La
sentenza n. 20814/2019 della IV Sezione Penale della Cassazione fornisce importanti chiarimenti in merito ai presupposti di validità dell’accertamento effettuato a mezzo etilometro.
Un uomo era stato condannato, sia in
primo grado che in
appello, per il
reato di cui all'art.
186 del C.d.S. , comma 2, lett. b) e comma 2
sexies, alla
pena (sospesa) di mesi 6 di
arresto ed euro 2.000,00 di
ammenda, con la sanzione accessoria della sospensione della patente di guida per un anno e la
confisca dell'autoveicolo di sua
proprietà.
Avverso la sentenza di secondo grado il
difensore dell'
imputato proponeva
ricorso per cassazione, basato su un solo motivo. In particolare, egli deduceva violazione di legge e vizio di
motivazione, sostenendo che erano state eseguite due misurazioni con esiti contrastanti. Infatti la prima evidenziava un tasso alcolemico di 1,65 g/l; il secondo di 1,67 g/l.
Secondo il
ricorrente, il primo test sarebbe stato invalido per insufficienza del volume d'aria immesso. Sarebbero stati dunque eseguiti soltanto due test, di cui uno non valido e comunque con esito inferiore rispetto al secondo.
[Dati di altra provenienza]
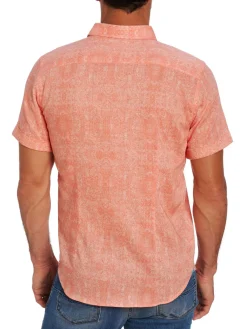 Robert Graham Linen|Harpswell Woven Shirt Coral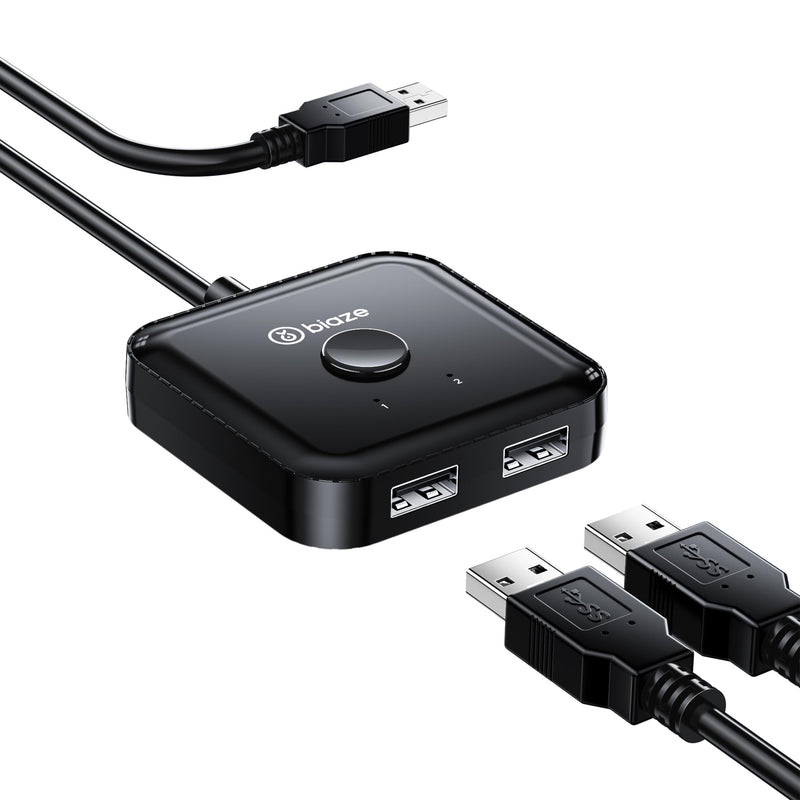 USB 2.0 Switch 2 in 1 Out & 1 in 2 Out - Bi-Directional USB Sharing Switch for Printer, Keyboard, Mouse, Scanner & Flash Drive - 2-Port KVM Switch Box for Two Computers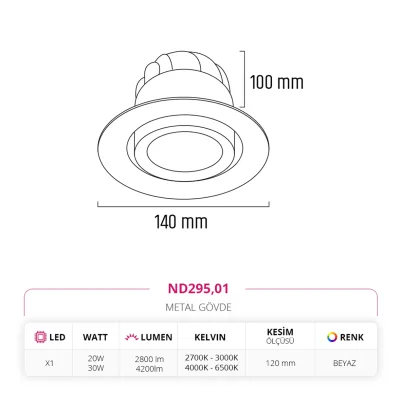 Nevo Sıva Altı Led Spot Beyaz Nd295 — 3. görsel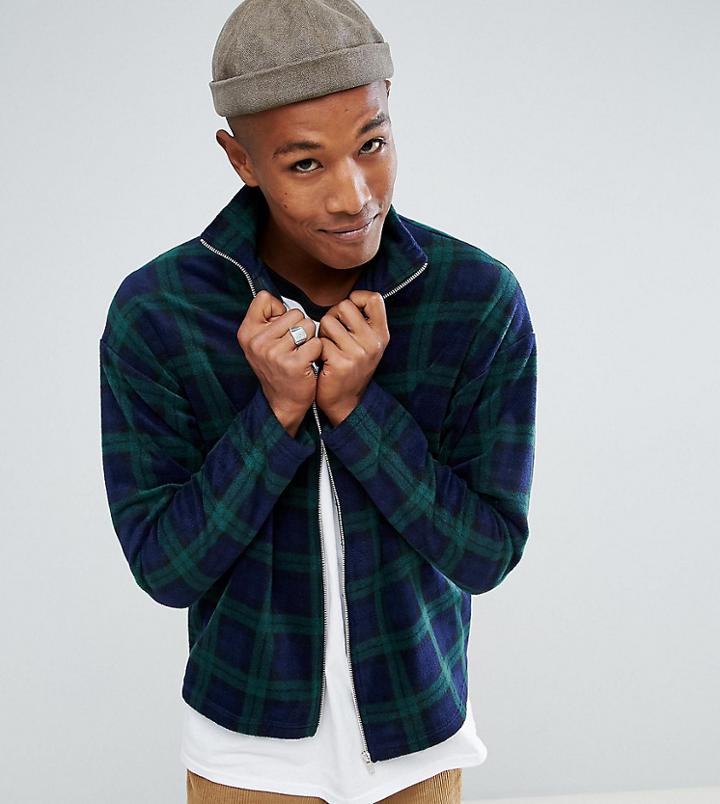 Reclaimed Vintage Inspired Zip Thru Jacket In Plaid Fleece - Black
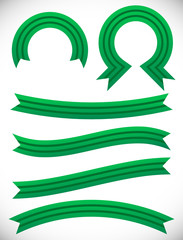 Poster - Striped green banner set -  Semicircle, circle, arching, wavy, s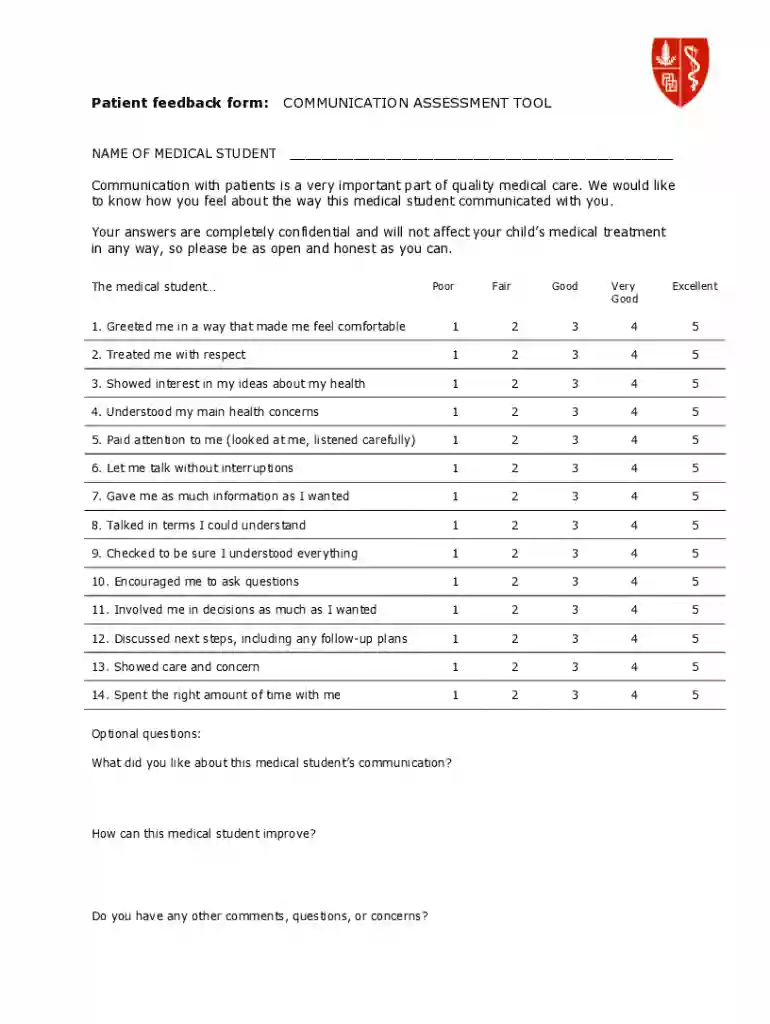 patient feedback form Preview on Page 1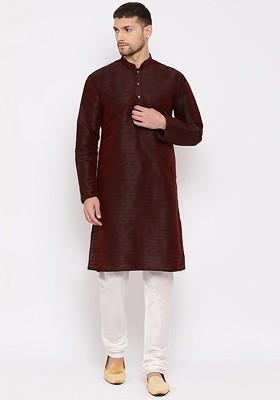 Burgundy Solid Poly Blend Kurta Set For Men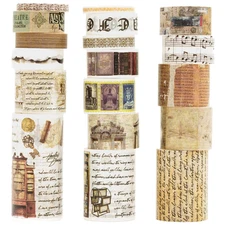 18 Rolls Vintage Washi Tape Pack Retro Arts Adhesive Tapes Wide Monologue Decor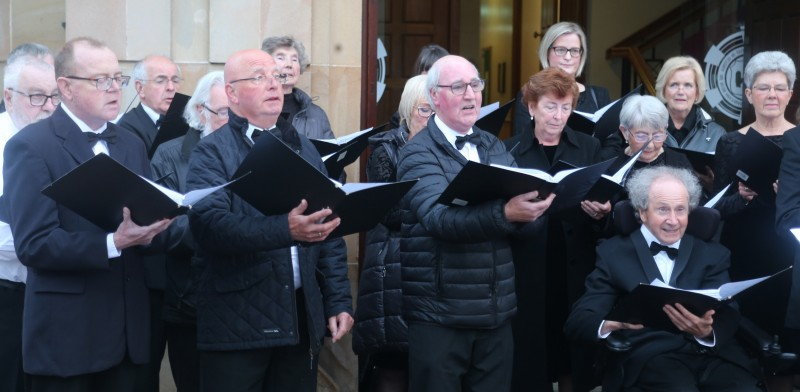 Coleraine Community Choir entertained the crowds ahead of the lighting of the Platinum Jubilee beacon in Coleraine.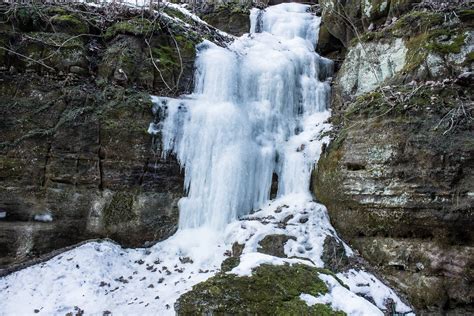 Frozen Waterfalls At Parfreys Glen Wisconsin Free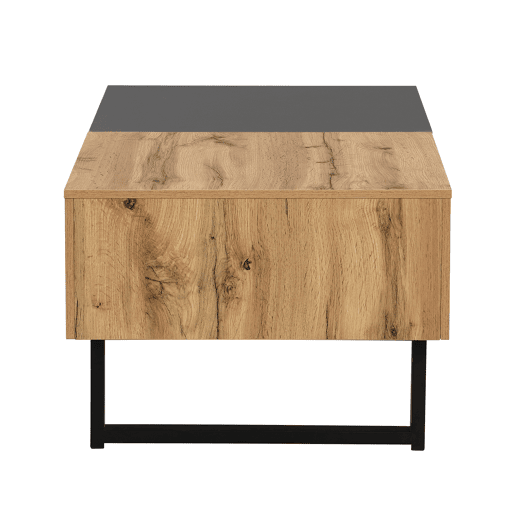 Mesa de centro multifuncional 155x55x40 cm - Madeira e metal, arrumação oculta, fácil de instalar - Natural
Per la difesa dell’imputato, tale circostanza sarebbe impossibile a verificarsi, dal momento che l'organismo smaltisce subito l'alcol in eccesso, per cui il risultato avrebbe dovuto essere necessariamente inferiore.
Nella fattispecie, la condanna dell’imputato è stata confermata, essendo la prospettazione del ricorrente destituita di fondamento giuridico.
Secondo la Suprema Corte, deve in primo luogo escludersi che abbia valore l’assunto, “frutto di mera soggettiva congettura”, secondo il quale il tasso alcolico misurato per primo debba essere necessariamente superiore a quello misurato per secondo.
In proposito spiega la Corte: “senza necessità di addentrarsi in disquisizioni scientifiche [...], è del tutto incontroverso che la percentuale di alcol nell'organismo, nel tempo successivo all'assunzione varia, secondo una curva di assorbimento, che non ha affatto sviluppo decrescente”.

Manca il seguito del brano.